Em que pese a extensa argumentação apresentada em defesa, este são os fundamentos suficientes para afastar a tese, sobretudo porque – reitere-se – não se trata de imposição legal ou judicial, mas de cumprimento de convenção estabelecida livremente entre os interessados. (Proc. n. 0010264-45.2017.5.15.0129 – DJ 22/08/17)

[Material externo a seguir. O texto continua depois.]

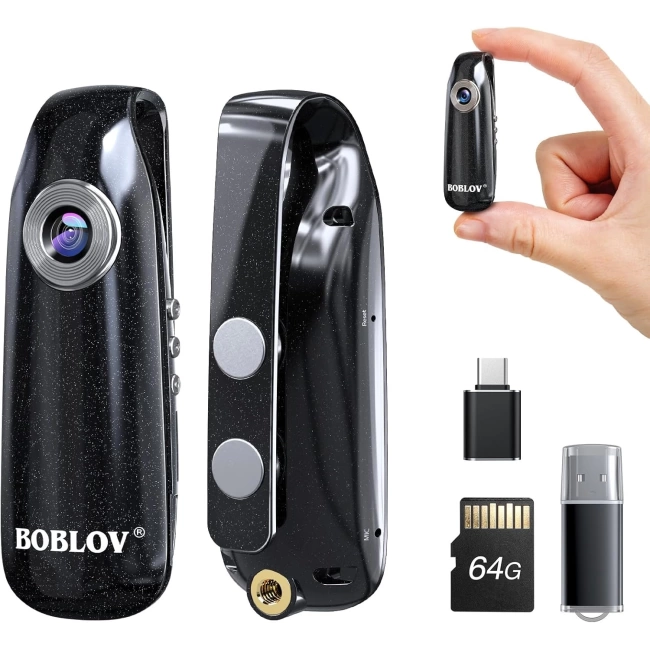 Boblov Cep Mini Vücut Kamerası Video ile: 64GB - Arka Klipsli, 1080P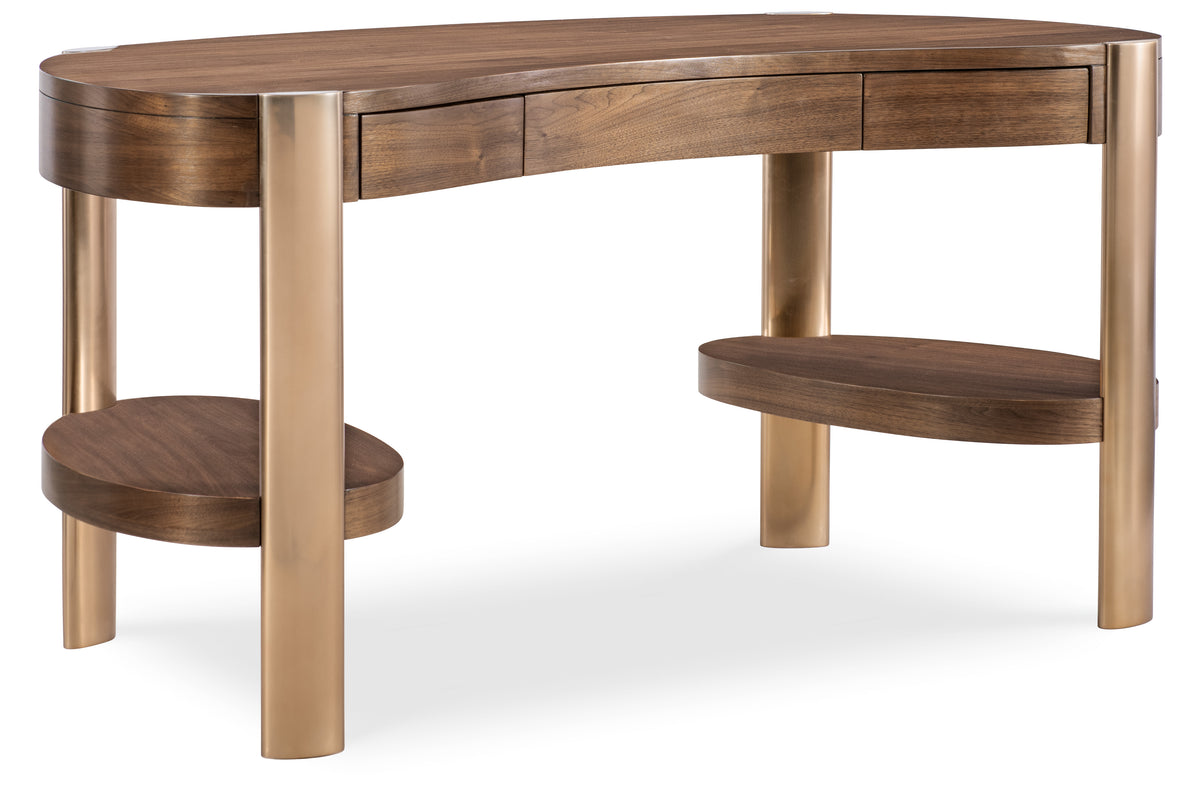 a wooden desk with two drawers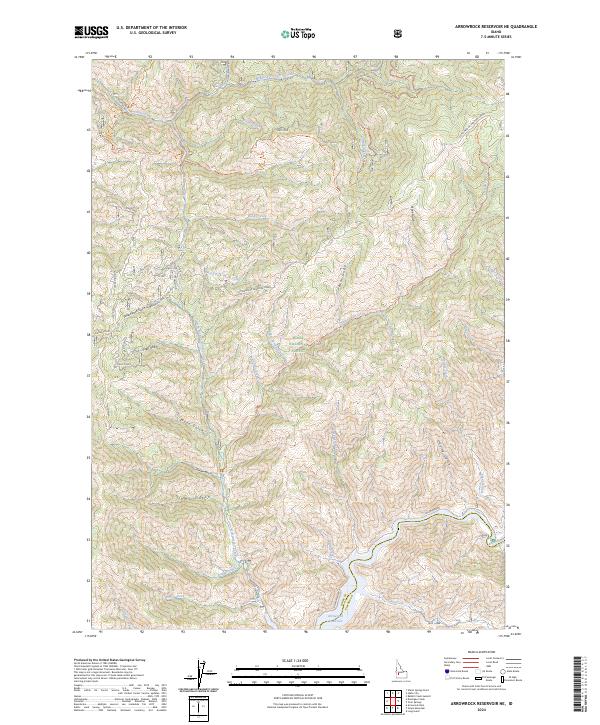 Arrowrock Reservoir NE topographic map thumbnail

A referida decisão foi reformada pelo E. TRT da 15ª Região, que em voto proferido pela Desembargadora Regina Cecília Lizi, concluiu que a proibição em tela “limita o campo de atuação das empresas prestadoras de monitoramento por portaria virtual, indo de encontro a um dos princípios constitucionais básicos da atividade econômico, que é o da livre concorrência”:

A cláusula 34ª, já citada, ao proibir “a substituição de empregados de portaria por centrais terceirizadas de monitoramento de acesso” limita o campo de atuação das empresas prestadoras de monitoramento por portaria virtual, indo de encontro a um dos princípios constitucionais básicos da atividade econômica, que é o da livre concorrência, que encontra amparo no inciso IV do art. 170, o qual prevê a liberdade da iniciativa privada, e dispõe:

 …

Ademais, nos termos do artigo 1º, inciso IV da CF/88, é possível se concluir que o princípio da livre iniciativa envolve não só o livre exercício de qualquer atividade econômica e a liberdade de trabalho, mas também a liberdade de contrato, decorrendo daí a vedação a qualquer restrição, que não aquelas determinadas na lei, garantindo-se o direito, àqueles que atuam na atividade econômica, de competirem entre si.

Logo, as administrações dos condomínios devem ser livres para decidirem, elas próprias, qual a melhor forma de contratação dos serviços a serem prestados, seja com a contratação direta de seus empregados, seja com a utilização dos serviços de portaria virtual, prestados por terceiros.

Não é admissível que um instrumento negocial invada a seara dos contratos que podem ser firmados entre terceiros e os condomínios residenciais.

Some-se a isso, que a Lei nº. 12.529/2011, que estrutura o Sistema Brasileiro de Defesa da Concorrência e dispõe sobre a prevenção e a repressão às infrações contra a ordem econômica, orientada pelos ditames constitucionais de liberdade de iniciativa e da livre concorrência, dentre outros, dispôs em seu artigo 36, o seguinte:

 …

Assim, as cláusulas que estabelecem a proibição da substituição de empregados de portaria por centrais terceirizadas de monitoramento de acesso devem ser tidas como inconstitucionais, vez que ferem o princípio da livre iniciativa, preconizado pelo artigo 1º, inciso IV da CF/88. (TRT15 – Proc. Proc. n. 0010264-45.2017.5.15.0129 – Des. Regina Cecilia Lizi – 06/06/18)

Em suma, as cláusulas convencionais que proíbem a terceirização de serviços em condomínios para as funções de zelador, vigia, porteiro, jardineiro e faxineiro e impedem o monitoramento a distância (a denominada portaria virtual) ainda enfrentam controvérsias jurídicas sobre a sua legalidade, havendo decisões conflitantes a respeito dos temas.

Nada obstante, os levantamentos mais recentes apontam que, pelo menos no aspecto quantitativo, prevalecem as decisões judiciais que reputam inválidas as referidas restrições, fundadas na violação a livre iniciativa, a livre concorrência e o livre exercício de qualquer atividade econômica.